The opening of the Sutton Coldfield Branch line of railway in 1862 marked a great change in the town’s history. Looking back, it seemed to later Victorians that it was the end of ‘old Sutton’, a rural market town idyll suddenly broken into by the harsh industrial age. The replacement of half a dozen horse-drawn omnibuses taking more than an hour over bumpy roads in 1860 by 16 trains a day in 1870 making the same journey to Birmingham in 25 minutes smoothly and comfortably was a revolution, but not everyone in Sutton welcomed it.

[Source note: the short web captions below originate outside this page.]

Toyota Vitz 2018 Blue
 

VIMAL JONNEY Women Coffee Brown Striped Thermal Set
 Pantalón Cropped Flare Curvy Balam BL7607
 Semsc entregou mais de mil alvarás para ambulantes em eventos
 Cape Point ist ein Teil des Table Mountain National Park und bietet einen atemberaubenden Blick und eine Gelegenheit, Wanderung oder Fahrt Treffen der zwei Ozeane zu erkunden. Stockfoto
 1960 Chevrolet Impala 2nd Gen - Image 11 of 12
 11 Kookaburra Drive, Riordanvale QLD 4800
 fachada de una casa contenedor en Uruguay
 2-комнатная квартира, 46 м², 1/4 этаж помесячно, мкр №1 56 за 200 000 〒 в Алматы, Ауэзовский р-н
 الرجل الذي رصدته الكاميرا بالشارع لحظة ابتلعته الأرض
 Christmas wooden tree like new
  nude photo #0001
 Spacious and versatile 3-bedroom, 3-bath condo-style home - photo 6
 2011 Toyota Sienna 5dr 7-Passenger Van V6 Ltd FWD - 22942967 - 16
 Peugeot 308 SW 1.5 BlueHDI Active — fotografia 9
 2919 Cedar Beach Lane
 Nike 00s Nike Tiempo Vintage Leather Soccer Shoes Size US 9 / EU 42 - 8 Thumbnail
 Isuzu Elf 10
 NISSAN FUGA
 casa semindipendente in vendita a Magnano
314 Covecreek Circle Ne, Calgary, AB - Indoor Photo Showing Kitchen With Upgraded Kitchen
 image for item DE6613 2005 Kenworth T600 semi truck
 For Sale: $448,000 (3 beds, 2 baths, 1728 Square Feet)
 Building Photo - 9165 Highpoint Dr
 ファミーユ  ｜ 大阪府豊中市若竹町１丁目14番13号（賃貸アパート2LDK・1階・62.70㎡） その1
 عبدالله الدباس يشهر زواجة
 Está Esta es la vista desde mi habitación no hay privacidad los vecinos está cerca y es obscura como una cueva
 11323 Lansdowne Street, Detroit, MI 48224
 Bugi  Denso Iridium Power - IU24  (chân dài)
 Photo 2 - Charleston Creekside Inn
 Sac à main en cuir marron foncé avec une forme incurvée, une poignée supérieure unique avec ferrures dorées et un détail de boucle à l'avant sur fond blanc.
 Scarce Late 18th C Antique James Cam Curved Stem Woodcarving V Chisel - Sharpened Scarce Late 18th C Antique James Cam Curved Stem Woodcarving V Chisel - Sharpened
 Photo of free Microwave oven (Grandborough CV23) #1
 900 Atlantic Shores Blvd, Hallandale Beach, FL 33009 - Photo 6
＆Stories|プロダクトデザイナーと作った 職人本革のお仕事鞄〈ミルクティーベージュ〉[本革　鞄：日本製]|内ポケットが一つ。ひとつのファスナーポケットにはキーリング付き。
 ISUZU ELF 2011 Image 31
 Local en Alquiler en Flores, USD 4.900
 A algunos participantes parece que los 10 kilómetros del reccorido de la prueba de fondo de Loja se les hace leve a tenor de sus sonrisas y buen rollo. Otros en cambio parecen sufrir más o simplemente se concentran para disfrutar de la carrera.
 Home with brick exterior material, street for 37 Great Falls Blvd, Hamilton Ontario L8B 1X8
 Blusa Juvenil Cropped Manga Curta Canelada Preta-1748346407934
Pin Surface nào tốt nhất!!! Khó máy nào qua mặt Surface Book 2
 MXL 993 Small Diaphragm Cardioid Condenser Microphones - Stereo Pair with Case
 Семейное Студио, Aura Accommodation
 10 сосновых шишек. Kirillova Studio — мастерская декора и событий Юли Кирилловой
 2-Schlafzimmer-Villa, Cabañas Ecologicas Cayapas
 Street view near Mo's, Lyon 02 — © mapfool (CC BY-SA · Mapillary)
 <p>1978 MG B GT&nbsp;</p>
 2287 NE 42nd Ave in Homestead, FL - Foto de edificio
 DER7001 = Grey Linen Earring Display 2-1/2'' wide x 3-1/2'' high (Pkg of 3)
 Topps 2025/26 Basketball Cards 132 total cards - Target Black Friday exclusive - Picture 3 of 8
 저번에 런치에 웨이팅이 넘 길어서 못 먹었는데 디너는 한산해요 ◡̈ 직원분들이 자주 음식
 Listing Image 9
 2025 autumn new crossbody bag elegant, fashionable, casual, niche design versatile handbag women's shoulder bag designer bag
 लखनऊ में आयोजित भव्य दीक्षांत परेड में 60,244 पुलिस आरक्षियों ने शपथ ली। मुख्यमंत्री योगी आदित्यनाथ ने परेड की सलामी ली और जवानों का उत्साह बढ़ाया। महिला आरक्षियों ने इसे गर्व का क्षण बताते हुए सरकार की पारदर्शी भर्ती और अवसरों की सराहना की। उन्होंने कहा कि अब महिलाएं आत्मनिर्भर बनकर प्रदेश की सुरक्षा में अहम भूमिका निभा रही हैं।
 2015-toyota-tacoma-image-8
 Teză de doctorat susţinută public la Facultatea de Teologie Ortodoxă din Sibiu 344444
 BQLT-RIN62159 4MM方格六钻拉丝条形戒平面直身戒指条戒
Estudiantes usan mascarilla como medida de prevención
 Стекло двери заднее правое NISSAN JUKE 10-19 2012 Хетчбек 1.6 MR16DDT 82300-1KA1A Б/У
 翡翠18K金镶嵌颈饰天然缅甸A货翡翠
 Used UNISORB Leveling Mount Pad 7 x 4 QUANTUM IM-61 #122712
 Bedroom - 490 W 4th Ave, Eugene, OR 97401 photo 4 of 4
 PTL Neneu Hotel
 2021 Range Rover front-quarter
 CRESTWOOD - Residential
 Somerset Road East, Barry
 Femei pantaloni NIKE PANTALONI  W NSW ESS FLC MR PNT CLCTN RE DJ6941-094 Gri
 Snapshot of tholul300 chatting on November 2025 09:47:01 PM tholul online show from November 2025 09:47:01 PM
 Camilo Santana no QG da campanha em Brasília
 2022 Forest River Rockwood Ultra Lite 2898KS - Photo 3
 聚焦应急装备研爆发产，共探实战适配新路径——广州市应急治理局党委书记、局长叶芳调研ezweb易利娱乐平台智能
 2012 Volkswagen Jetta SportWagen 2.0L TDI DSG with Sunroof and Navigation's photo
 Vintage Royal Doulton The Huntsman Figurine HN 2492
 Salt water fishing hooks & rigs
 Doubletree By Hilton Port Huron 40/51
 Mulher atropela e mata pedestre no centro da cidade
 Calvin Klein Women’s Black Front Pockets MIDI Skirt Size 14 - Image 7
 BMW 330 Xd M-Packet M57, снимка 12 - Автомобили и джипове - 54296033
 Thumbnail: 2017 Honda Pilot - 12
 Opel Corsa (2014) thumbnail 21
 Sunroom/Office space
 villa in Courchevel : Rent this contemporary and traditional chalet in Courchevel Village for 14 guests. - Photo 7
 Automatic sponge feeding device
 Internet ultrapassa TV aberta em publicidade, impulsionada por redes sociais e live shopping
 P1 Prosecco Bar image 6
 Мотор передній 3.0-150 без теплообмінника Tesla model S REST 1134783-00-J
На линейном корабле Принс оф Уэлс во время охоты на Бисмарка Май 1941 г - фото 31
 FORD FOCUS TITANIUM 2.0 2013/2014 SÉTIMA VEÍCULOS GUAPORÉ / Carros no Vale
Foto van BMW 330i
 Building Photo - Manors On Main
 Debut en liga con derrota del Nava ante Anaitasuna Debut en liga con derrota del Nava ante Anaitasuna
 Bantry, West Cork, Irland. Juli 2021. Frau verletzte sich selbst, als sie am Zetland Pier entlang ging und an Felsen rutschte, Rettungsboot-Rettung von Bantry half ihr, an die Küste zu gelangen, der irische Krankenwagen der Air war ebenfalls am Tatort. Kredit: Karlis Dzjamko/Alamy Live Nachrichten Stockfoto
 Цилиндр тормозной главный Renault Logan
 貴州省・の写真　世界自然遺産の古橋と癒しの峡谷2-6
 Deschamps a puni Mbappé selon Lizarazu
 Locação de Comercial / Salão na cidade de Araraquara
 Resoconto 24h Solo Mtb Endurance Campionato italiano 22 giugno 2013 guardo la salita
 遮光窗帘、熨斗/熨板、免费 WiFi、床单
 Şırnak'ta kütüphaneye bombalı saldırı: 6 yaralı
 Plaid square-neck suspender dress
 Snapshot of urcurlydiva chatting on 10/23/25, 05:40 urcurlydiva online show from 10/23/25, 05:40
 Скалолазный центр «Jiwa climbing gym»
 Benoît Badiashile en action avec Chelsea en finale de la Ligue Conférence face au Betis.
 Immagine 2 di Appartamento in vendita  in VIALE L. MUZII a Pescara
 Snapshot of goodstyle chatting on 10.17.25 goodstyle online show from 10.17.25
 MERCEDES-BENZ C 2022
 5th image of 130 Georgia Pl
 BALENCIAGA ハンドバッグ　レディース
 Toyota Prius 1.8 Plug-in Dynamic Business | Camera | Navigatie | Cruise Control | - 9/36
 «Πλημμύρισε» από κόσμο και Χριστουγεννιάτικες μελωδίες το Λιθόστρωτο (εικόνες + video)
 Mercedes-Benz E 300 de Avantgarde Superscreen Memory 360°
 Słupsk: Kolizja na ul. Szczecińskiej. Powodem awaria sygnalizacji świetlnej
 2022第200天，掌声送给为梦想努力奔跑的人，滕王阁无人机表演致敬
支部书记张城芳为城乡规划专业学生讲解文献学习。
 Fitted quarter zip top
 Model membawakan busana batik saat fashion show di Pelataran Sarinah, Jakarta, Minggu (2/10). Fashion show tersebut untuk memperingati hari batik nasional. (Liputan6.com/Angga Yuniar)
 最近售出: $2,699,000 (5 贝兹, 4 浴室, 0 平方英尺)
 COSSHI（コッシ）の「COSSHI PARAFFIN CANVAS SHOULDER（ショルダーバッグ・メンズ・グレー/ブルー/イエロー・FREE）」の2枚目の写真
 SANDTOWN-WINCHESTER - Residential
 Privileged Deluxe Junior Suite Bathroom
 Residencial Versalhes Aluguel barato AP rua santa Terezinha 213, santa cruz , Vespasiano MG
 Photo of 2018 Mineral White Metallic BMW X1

There was a petition against a scheme of 1853 which proposed a railway to Sutton, signed by over 400 inhabitants. One of the clauses in the petition declared that a railway “would be far from benefitting Sutton, and would bring an influx of the inferior population of manufacturing districts, with their shops and factories, and render Sutton a smoky and depraved suburb of Birmingham”. The wish for Sutton to retain its character of a peaceful country town is also expressed in Miss Bracken’s “History of the Forest and Chase of Sutton Coldfield”, published in 1860, where she concludes a passage on the idyllic nature of rural life with the words “at the present time there is not a steam engine in the parish”. However, by the 1850s the character of the town had already been changed by the influx of wealthy businessmen from the neighbouring towns who came to live in Sutton.
To other authors the railway symbolised the end of peace and quiet - H.H.Horton’s poem “Sutton Park” contains the line “Thy secret haunts no railway change have found”, and Sarah Holbeche wrote when the line opened “1862, the year of the Rail Train, to which may be added the Peace of the Valley is fled.” Bishop Amherst, who knew Sutton Park in the 1840s when he was at Oscott College, blamed the railway for ruining the tranquillity of Sutton Park, writing in 1880 “In these degenerate days the trains bring hundreds to wander beneath the trees or lounge on the banks of the pools, so that police surveillance has invaded the wilds, and one may expect to be called upon to exhibit one’s authority ticket”.
However, progressive Suttonians did not share these romantic views, and expected the railway to bring prosperity, breathing new life into their rural backwater. Businessmen in particular had been looking forward to the advent of the railway; as Mr. Baron Dickenson Webster, owner of the wire factory at Penns Mill put it “We have been expecting a railway, trying to get one, ever since 1846”, and “The cry has always been, When is our railway to come?”